To a degree, those who think in these “me or them” terms are right. It is easy to spot in the Pew Internet and American Life Project's data that context matters a great deal in the way in which people use the internet and how they feel about it. Various groups of people—by gender, age, race, income bracket, educational level, locale, or experience level—use the internet in different ways. People take to the online world the things that interest and motivate them in the offline world, so the variety and meaning of their experiences on the internet reflect that diversity. Moreover, patterns of use evolve over time. The longer people are online, the more likely they are to venture into new activities, explore new relationships, and rely on the internet to help them complete crucial tasks or make major decisions. This highlights one of the major continuing lines of research by the Pew project: Internet use and the impact of going online are highly contingent on the rationale for going online and circumstances of each cyber venture. We know that for most people, internet use enhances, extends, and supplements what they do offline. However, we still have much to learn about what internet use displaces in people's lives and what it motivates them to do.
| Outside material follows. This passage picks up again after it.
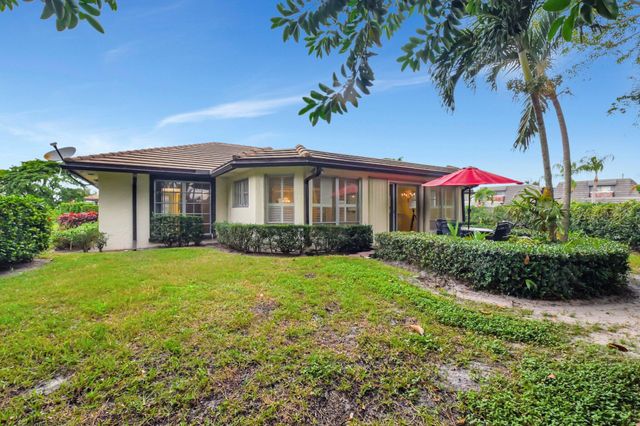 428 Pine Villa Drive, Atlantis, FL 33462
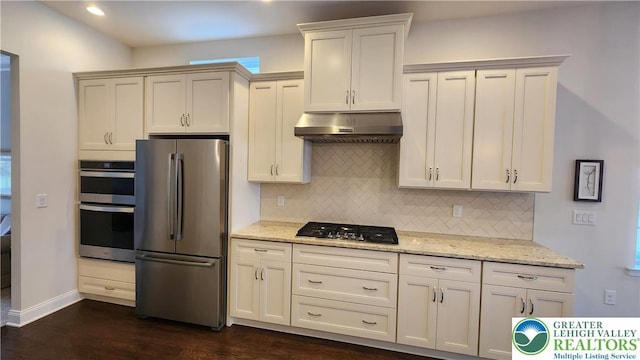 4082 Rutz Ln, South Whitehall Twp, PA 18104 - kitchen with stainless steel appliances, under cabinet range hood, tasteful backsplash, light stone counters, and recessed lighting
We are delighted that some of the scholars who have written for this volume have found our work at the Pew Internet and American Life Project to be useful. We hope that they are not alone. Our data and reports are available free of charge through our Web site (http://www.pewinternet.org). This seems to be the least that a project like this can do to contribute to the open source spirit of the internet's most fevered partisans. We hope that others will find new insights in our data that we ourselves have missed or will feel free to challenge our interpretations of what we have seen. Maybe the collective intelligence of this network of researchers will eventually produce a reasoned and fact-buttressed judgment about the impact of a communications era that humbly began with a computer crash and a message that read as if a monkey had been banging on a keyboard.
—Harrison “Lee”RainieWashington, D.C.